Execuitng them led to:

async.py executed in 0.052 seconds.
sync.py executed in 0.011 seconds.

CodePudding user response：

aiofiles is implemented by using threads, so each time you tell it to read a file a thread will be launched to read the file.

the file being read is actually very small it fits in 3 KB which is under 1 page in your memory and also smaller than your core L1 cache, the computer didn't actually read anything from the disk most of the time, it's all being moved between parts of your memory.

in the async case it is being moved from one core's memory to the second, which is slower than keeping everything within 1 core's cache, but for larger files that are actually read from disk and other tasks to attend to, such as reading from sockets and reading different files from disk and doing some processing concurrently you will find the async version is faster, because it is using threads under the hood, and some tasks drop the gil, like reading from files and sockets, and some processing libraries.

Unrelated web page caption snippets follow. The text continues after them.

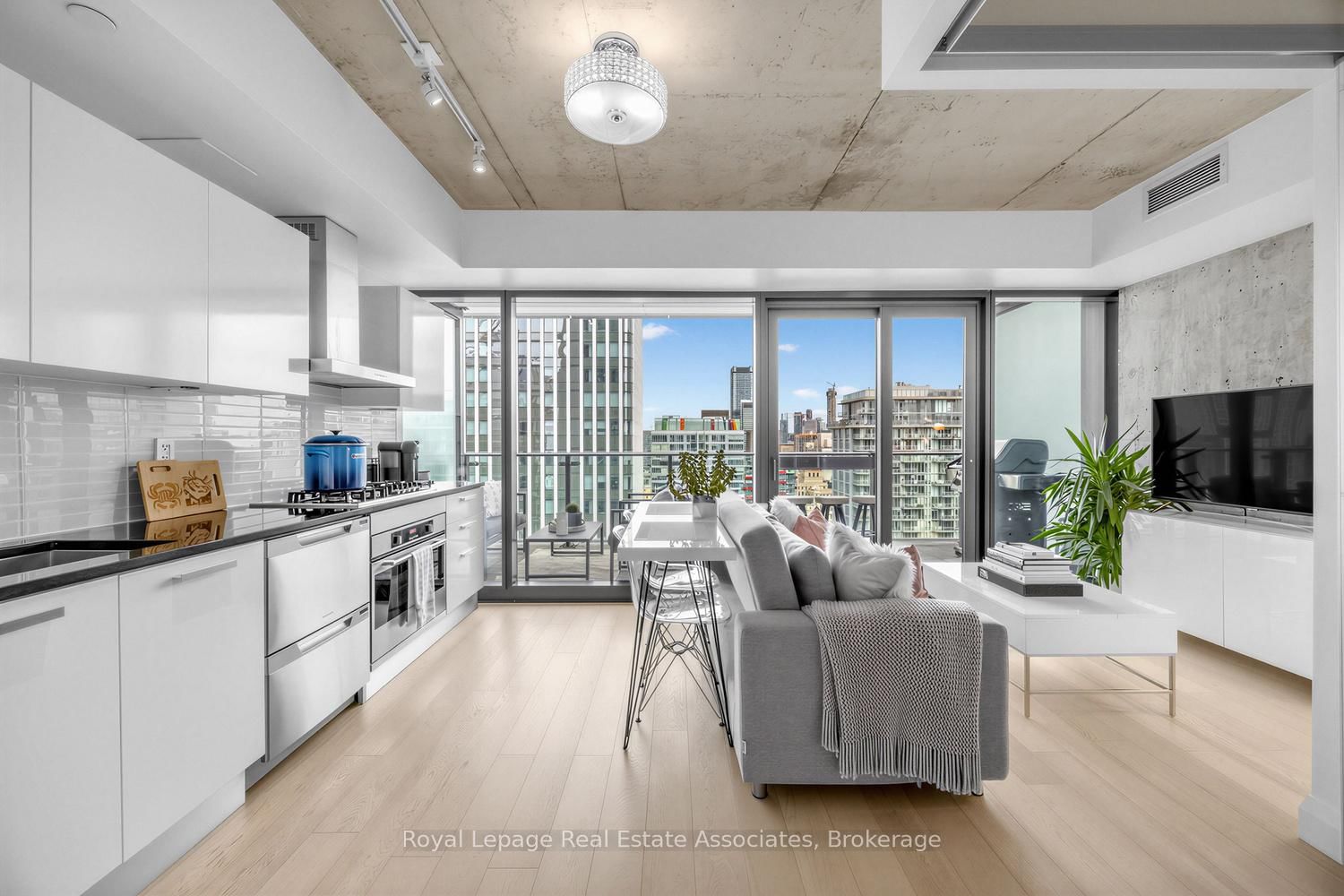 Property at 224 King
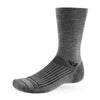 Swiftwick Pursuit Crew Socks Heather S 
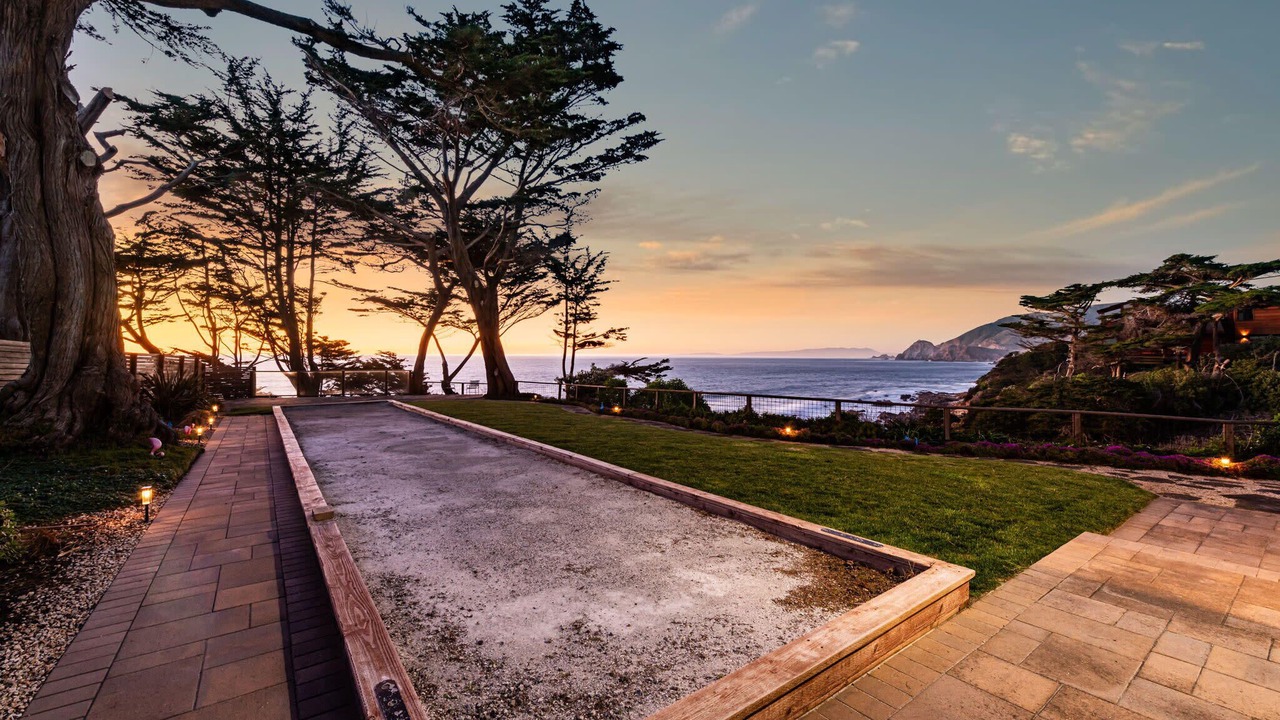 Photo of Outdoor in Montara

you are still reading files at the same speed in both cases as you will be limited by your drive read speed, you will only be reducing the "dead-time" of when you are not reading files, and your example has no "dead-time", it isn't even reading a file from disk.

an exception to the above happens when you are reading data from multiple HDDs and SSDs concurrently where 1 thread can never read the data fast enough so the async version will be faster, because it can read from multiple drives at the same time (assuming you have the cores and IO lanes for it in your CPU)

CodePudding user response：

Asyncio doesn’t help in this case because your workload is basically disk-IO bound and CPU bound.

CPU bound workload cannot be sped up by Asyncio.

Disk-IO bound workload could benefit from async operation if but the disk operation is very slow and your program can do other things during that time. This may not be your situation.

So the slower asyncio performance is mainly due to the additional overhead introduced.